Now That We’re Up And Running…
Over the past few weeks, we’ve been tweaking, changing, and enjoying the journey of bringing forth our passion for Genealogy.
If you have a love for searching the archives for those who have passed, you’ll understand the thrill so many of us share when discovering ancestral story pieces!
And this blog would love to share that with you! Want to discover your ancestral history? We’ll teach you how, or can do it for you. Our goal is not to have you spend the equivalent of a new car to discover where you’ve come from. Instead, ask us questions (we’ll answer them on here), take a Skype class, or let us do it for you (please visit our Consulations & Services page).
In the meantime, over the next few days, please enjoy some of the FAQ we have received from other readers. Perhaps you’ll think of one of your own or find the answer below.
Why are there so many misspellings when searching the old Census Records?
Depending on the era and location they lived, many of our ancestors were illiterate or had only attained a few grades. I know mine were. And when it came to hiring someone to help with the Census taking, the more educated of the County performed this task. If the “more educated” had only gone through the 6th grade, that was the person who got the job.
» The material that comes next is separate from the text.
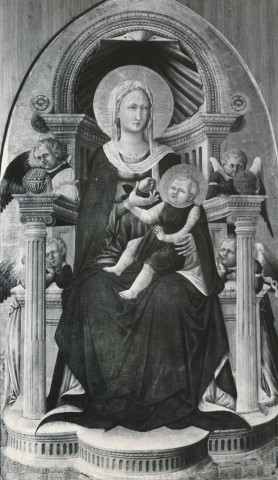 Anonimo — Neri di Bicci - sec. XV - Madonna con Bambino in trono e angeli — insieme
Therefore, as they traveled and took down the information, they were also using phonics, and spelling the best they could. Warren might have shown up as Warrin or Warron, depending upon the Census taker.
My great-grandmother living in Kentucky would have pronounced her name with a drawl that sounded like “Plina” and that’s what he wrote instead of Paulina.
Ask any genealogist. It makes for an interesting search!
Why can’t I find any US Federal Census records after 1940?
Because they always wait 75 years between the time of the Census to the time of publishing. This way, most (not all) of the people in the census will have passed on. The 1950 US Federal Census will not be published until 2025.
However, in the US we are lucky that they give us this much leeway. In the UK, the last published Census Transcriptions is 1911. Makes it bit more of a challenge.
I found an error in the original documents. How do I get it changed?
You don’t. You may know that your mother spelled her name a different way and her birth certificate may reflect it. But when transcribing documents, transcribers must input the data as seen on the page. My grandmother wrote our last name as Patten even though it was spelled Patton. She was angry at her soon-to-be ex-husband and didn’t want to feel associated.
All these little idiosyncrasies, even though irritating at times, tell a story! Read between the lines and discover personalities.